I venture to say that what was said in the House of Commons today will go down in history as the last word, in the last chapter, at the end of a hundred years, of a battle which was opened with the first word of the first chapter of the Rebellion, a hundred years ago. That this should be on a day set apart for the Battle of the Windmill, at Prescott where my father's father trained a cannon on this building when it was rumored that [his other grandfather, William Lyon] Mackenzie was secreted there, is indeed another fascinating phase of the story that some day, I pray, I may be able to write myself.

 

. . . . .

 

They had, unfortunately, had the worst kind of weather but they were waiting at Windmill Point for me to come before having the ceremony of the unveiling of the tablet to General von Schoultz by the Polish Consul, General Pawlica.
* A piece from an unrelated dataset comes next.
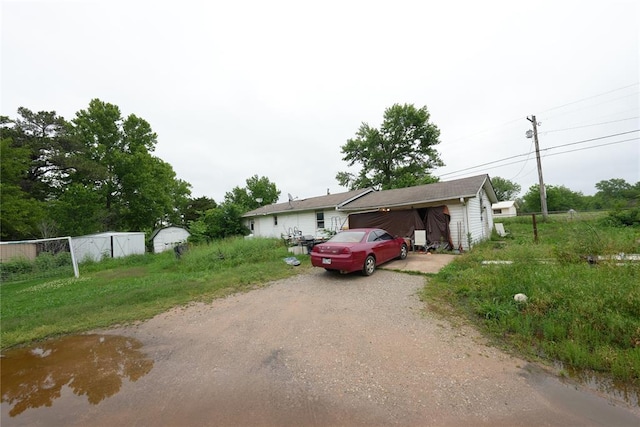 view of front of house featuring driveway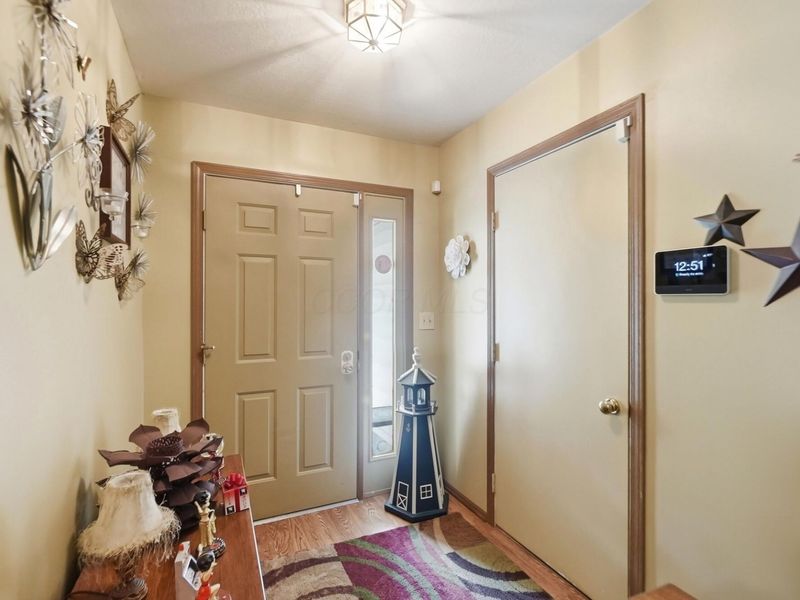4466 White Leaf Way, Columbus, OH 43228 Photo 4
The scene there was one of real interest.

 

The people were standing in the space between the tracks and the Windmill. Most of them humble folk. There were detachments of the Mounted Police. Others in uniform; volunteers, may veterans, rows of Polish veterans; Polish bands from Toronto; a little gathering of speakers; a couple of clergymen [and other representatives of U. S. and Canadian governments]. We stood on a little platform around which some boughs had been placed.

 

After a prayer and the unveiling of the Memorial, [inscribed: "To the Immortal Memory of Polish Patriots Who Fought in The Battle of the Windmill, 12 - 16 November 1838"] I was asked to speak, and did so with the greatest possible ease, and with real pleasure and feeling. Said I had a personal as well as public reason for being present. ... [Here King related his family history in Scotland and Canada, referring to his grandfather, William Lyon Mackenzie]

 

I then went on to speak of von Schoultz, and the honour that was due him, and why we were brought to honour him as we were today knowing his purpose had been to serve a larger freedom.

 

I then spoke of [his grandfather, William Lyon] Mackenzie being in exile at the time of von Schoultz's crossing. ... I then spoke of the relations between Canada and the United States... . The preservation of forts as being historic relics, and of what an object lesson this was to others who continued in the ways of peace. I end up by speaking of our common humanity being the one real concern, being all sons of one common God.

 

Had I been speaking a little more freely, I would probably have concluded with the same thought a little more felicitously expressed. However, I think I was able to give the real message. The main thing was to be there, narrate the facts of the truth, and have the matter one of record which can be referred to later in its true significance in some written biography.

 

. . . . . .

 

[After dining with the Fulfords at Brockville], as we neared the Fort at Prescott and the Windmill, we began to get the mist from the river and damp of the ground. There came into my mind, the lines of Longfellow's "Resignation"

 

"We see but dimly through the mists and vapors'

 

Amid these earthly damps

 

What seem to us but sad, funereal tapers

 

May be heaven's distant lamps."

 

As I looked over my shoulder to the left, the old Fort at Wellington was surrounded by strings of electric lights, red, green and gold. As I returned to the old Windmill, the last I saw was its light shining very brightly, it now being a beacon to mariners.

 

. . . . . .

 

I felt that the day had been one of the best and most memorable of my life. ... I am leaving for the country to begin a new chapter, I pray of better service to my country, my King and my God.